These are as follows:

The five foundations for successful benefits realisation

  1. Benefits realisation needs to be an integrated part of the whole project management process and built in from the outset. It sounds obvious, but projects should be started with a clear view of what ‘success’ looks like – and all too often this isn’t present at the planning stages. Together with PwC, we recommend creating a framework from which to measure the achievement of strategic objectives at a high level, including how project governance and metrics will be applied
  2. Stakeholders at all levels need to be engaged to avoid a disconnect between strategy and operations. Using PPM software makes this significantly easier to achieve, by providing a central communications portal through which all aspects of the projects can be recorded, tracked and measured. At the top of the organisation, the C-suite needs to understand the strategic benefits and those who manage outputs at a tactical level should be able to see that their individual contributions are on track to achieve the required changes.
  3. A benefits dependency map helps to ensure the right stakeholders and decision makers are both engaged and aware of their involvements.

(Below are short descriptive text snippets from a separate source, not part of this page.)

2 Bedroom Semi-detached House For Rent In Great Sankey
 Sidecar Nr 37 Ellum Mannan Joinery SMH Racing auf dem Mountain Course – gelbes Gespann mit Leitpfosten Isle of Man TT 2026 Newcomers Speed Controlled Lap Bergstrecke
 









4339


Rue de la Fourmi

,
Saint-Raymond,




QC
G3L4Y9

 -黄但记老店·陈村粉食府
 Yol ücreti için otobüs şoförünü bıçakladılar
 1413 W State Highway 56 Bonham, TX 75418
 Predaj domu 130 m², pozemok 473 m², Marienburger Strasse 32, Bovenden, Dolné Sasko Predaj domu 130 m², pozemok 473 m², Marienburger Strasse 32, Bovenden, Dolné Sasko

Who needs to do what, when, why and how. This helps to crystalise how project goals will link to wider strategic objectives.
    • What are the project objectives?
    • What are the measureable end outcomes?
    • How can project outputs be transformed to business outcomes?
    • What specific deliverables are required?
  4. Identify what is important to measure and how to go about it. One key aspect of this is to ensure that all the stakeholders are equally engaged to be able to agree a common starting baseline for measurement. This ensures that future disputes about what benefits have actually been realised are avoided.
  5. Communicate the proposed benefits realisation plan widely. How this is achieved will vary between organisations but there needs to be a consistent way to communicate how benefits are being achieved with all the stakeholders, in a way that is relevant to them. For example, Network Rail achieves this using a graphical benefits tracker and visualisation boards, with clear accountability and ownership at each stage.

It is important that organisations try to embed benefits realisation into their project and portfolio management and to make it as scientific as possible. This means having a clear view of the ‘why are we doing this’ at the outset and creating a set of processes, which can be supported by software tools to take away any subjectivity and make it objective and clear for all stakeholders to appreciate.